One-third of new cloud vulnerabilities are introduced by new enterprise applications. Moreover, with new internet services being introduced rapidly, it is becoming increasingly difficult for companies to have an overview of their IT assets.
The entire IT infrastructure is an organization’s number one surface that cybercriminals can penetrate. It only proves difficult for IT teams to keep an overview of this, as new digital services are regularly added.
The media and entertainment industry appears to be the fastest innovating, with more than 7,000 new services each month. The telecom, insurance, pharmaceutical, and biomedical industries added an average of 1,000 services per month. Critical industries such as financial services and healthcare saw their attack surfaces increase by more than 200 new services each month.

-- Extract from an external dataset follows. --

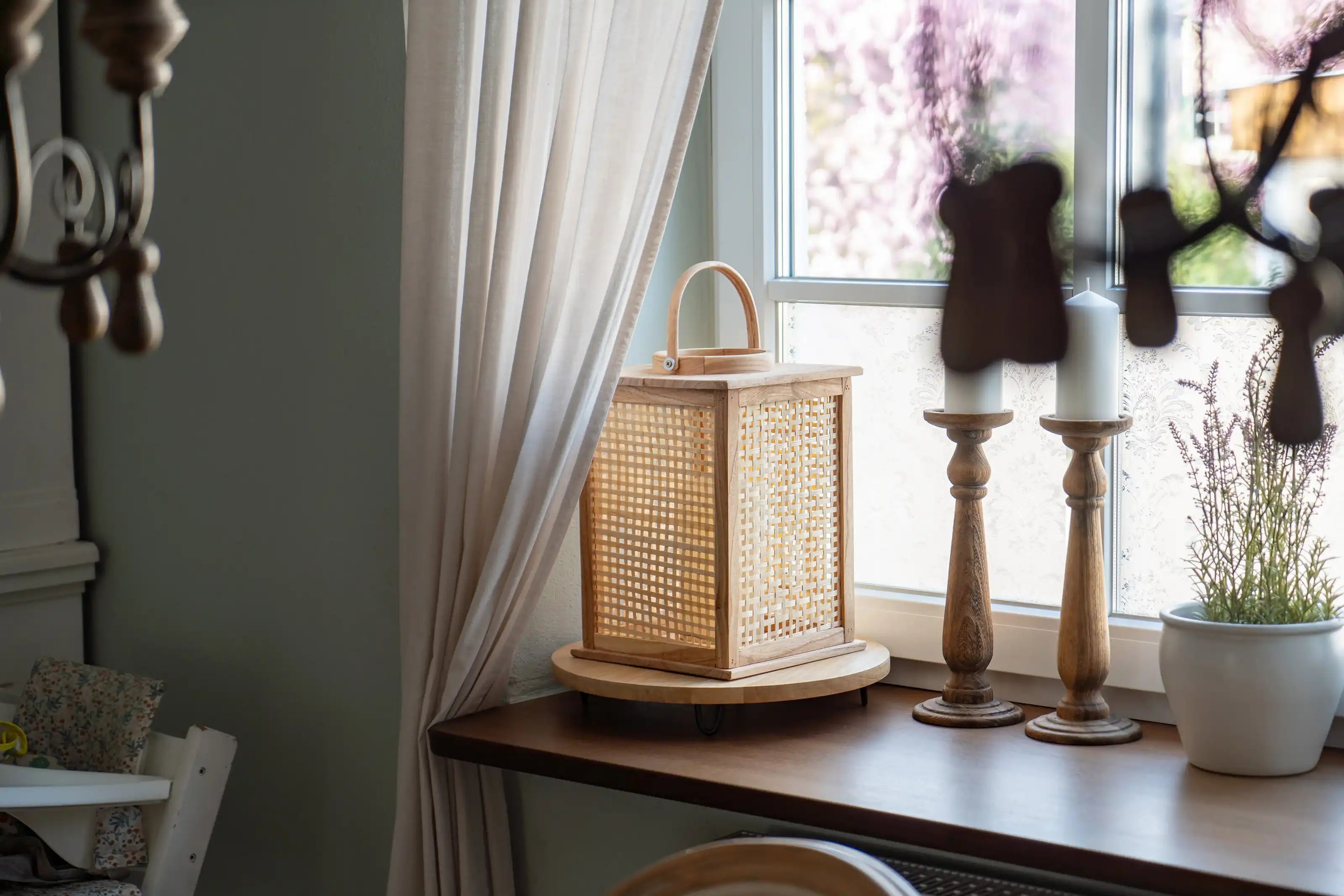 Boho Bambus Windlicht Laterne 25×25×35cm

Introduces cloud vulnerabilities
Overall, across all sectors, an average of 300 new services are added monthly. Recent research from Unit 42 shows that these new services compromise the cloud environment. Nearly 32 percent of new cloud vulnerabilities were introduced with new Internet applications.
The Attack Surface Threat Report by the Palo Alto Networks research team finds many vulnerabilities are added by flaws in application layer protocols (25 percent) particularly. Examples of such protocols include SNMP, NetBIOS, PPTP and VPNs. 73 percent of the exposures came from IT and network infrastructure, business process applications, and remote access services.